The superstar who seemingly controlled the action like a choreographer, and the ball as if she had telepathic powers, could do nothing more than crouch and shake her head beneath the basket.
The clock had expired on Bria Hartley's illustrious high school career and the scoreboard read: 72-69, Sachem East.
Her final possession was one of the rare occasions in which Hartley couldn't slip the defenders. With her team down three and facing a triple-team in the left corner with the dwindling shot clock her nemesis, Hartley had no choice but to defy what every storybook would have scripted. She passed on the final shot, slinging the ball to a teammate for a shot that came up short.
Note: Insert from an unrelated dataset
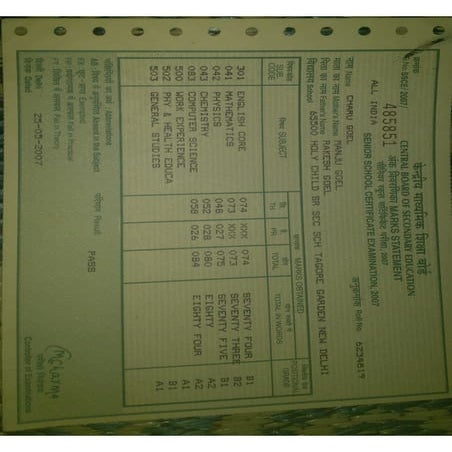 12th marksheet | PDF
"I just wanted to win," said Hartley as she took congratulatory handshakes from fans and hugs of consolation from teammates. "It didn't work out, but I know it was the right play."
It was Hartley's show from the second quarter on as she scored 44 of her 51 points - a Long Island playoff record - to lead North Babylon's rally. Hartley surpassed her previous high of 43 points, set Monday against Smithtown West.
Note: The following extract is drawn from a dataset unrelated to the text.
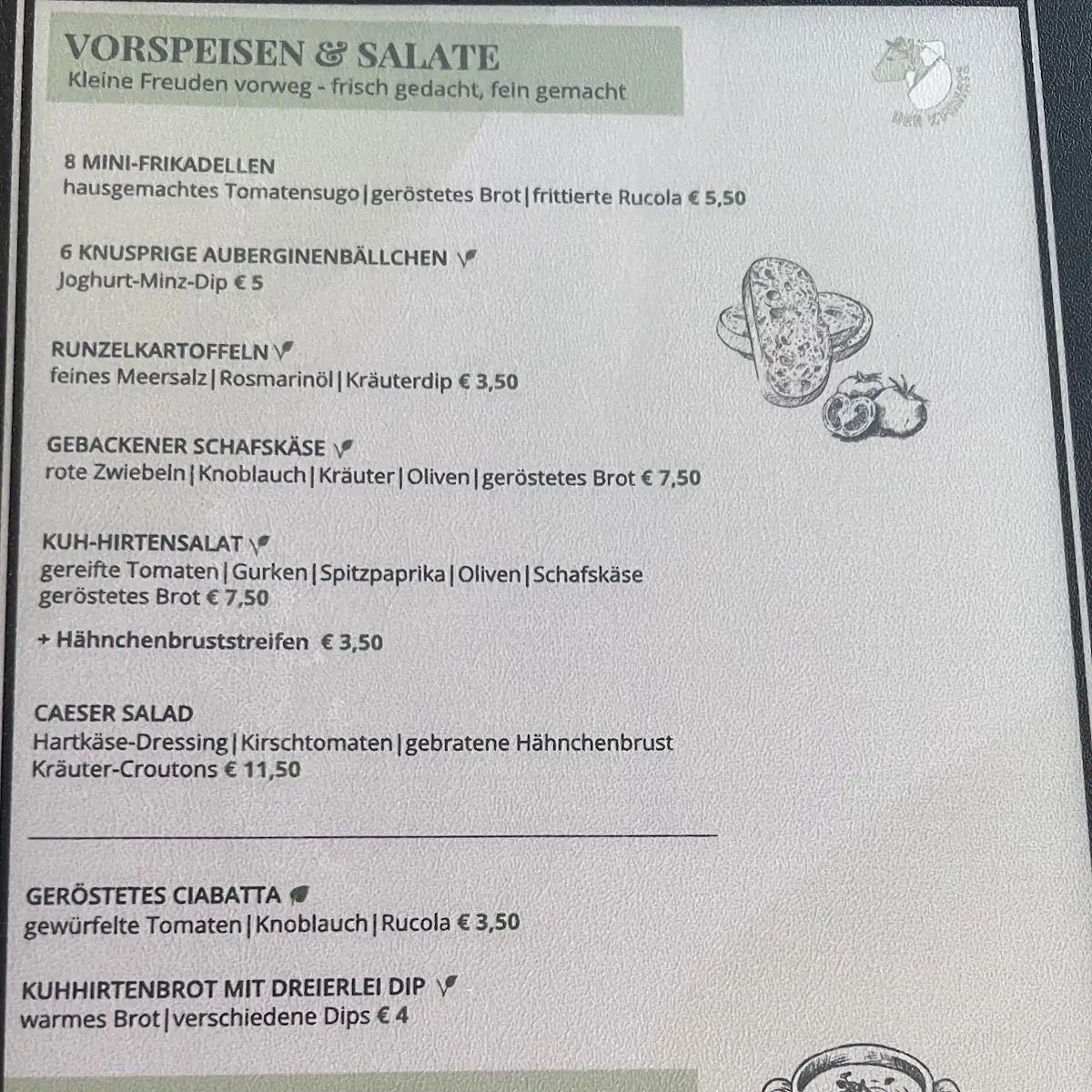 Speisekarte photo 1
The Bulldogs trailed 26-12 in the second quarter, but she brought them to within 31-30 at intermission. The Bulldogs fell behind again 47-36 in the third quarter and the one-girl wrecking crew carried them back, even taking a 68-67 lead on her three-pointer with 1:10 left.
"She played absolutely amazing," said Sachem East star Kristen Doherty, who hugged Hartley afterward. "You can't take that away from her."
Hartley planted a defender's rear to the floor with her signature step-back crossover in the third. She attempted the move again with 14 seconds left but lost the ball, causing a shot-clock violation. Still, Hartley insisted she'll have no regrets.
"I'm looking into lacrosse season," said Hartley, who finished with 1,978 points. "It's a game. I'll recover from this tomorrow . . . I just want to do more at college than I did here."
Said North Babylon coach Mike Petre: "It was an epic performance. She's the No. 1 player I've seen in my  years. She's been the hallmark of our program and we're proud to have been associated with her."